Protecting our planet is an issue that resonates with a lot of people, and some want to have a direct and hands-on involvement in the work to conserve our natural resources. But if you don't have a degree in wildlife management or civil engineering, what is an environmentalist to do? Our expert has an answer.
Jamie Mullane of Louisville, KY, writes: I would love to work in the field of conservation (particularly wildlife), but I don't have the time or money to get a four-year degree (plus I'm 45). What types of jobs could I seek without a degree?
Melissa Seipel, HR Manager of Global Operations, replies:
Thank you so much for your interest in a career in conservation! You don’t mention your previous work experience or professional background, but we have over 3300 staff working in fifty states and thirty five countries in a wide variety of roles.
While our science and conservation staff are critical to our mission, we couldn’t do it without the contributions of men and women in fields such as marketing, finance, legal, administrative and operations, information science, fundraising, human resources -- and the list goes on! At our beautiful Pine Butte guest ranch in Montana, we also hire seasonal cooks and housekeepers. We post new positions often on www.nature.org/careers and you can create a “Job Search Agent” in the locations where you would like to work and receive and email you the moment that new jobs are posted. All positions list the “basic qualifications” required and while many do require four year or advanced degrees, a large number do not.

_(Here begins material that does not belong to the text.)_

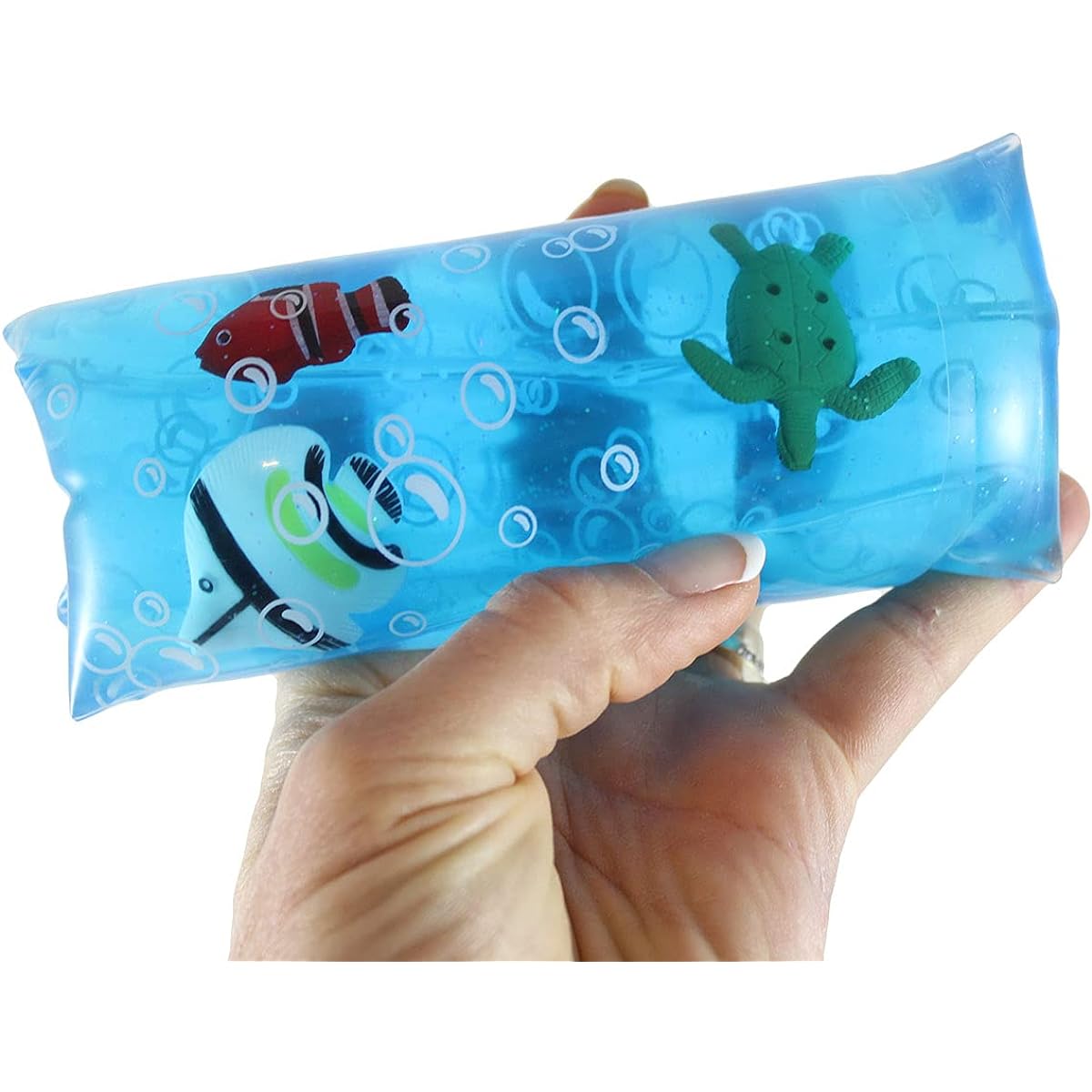 Curious Minds Busy Bag Jumbo Sea Creatures Animals Water Filled Tube Snake Stress Toy - Squeeze Wiggler Sensory Fidget Ball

We also depend heavily on the contributions of our volunteers. Volunteering is also a great way to get to know staff in the offices and learn about what potential needs they may have in the future.
If you find that the positions you are most interested in do require degrees, you may also want to explore the many evening and online degree programs available geared towards working adults, many with financial aid available. It’s never too late to pursue your dreams!
Originally posted in September 2013.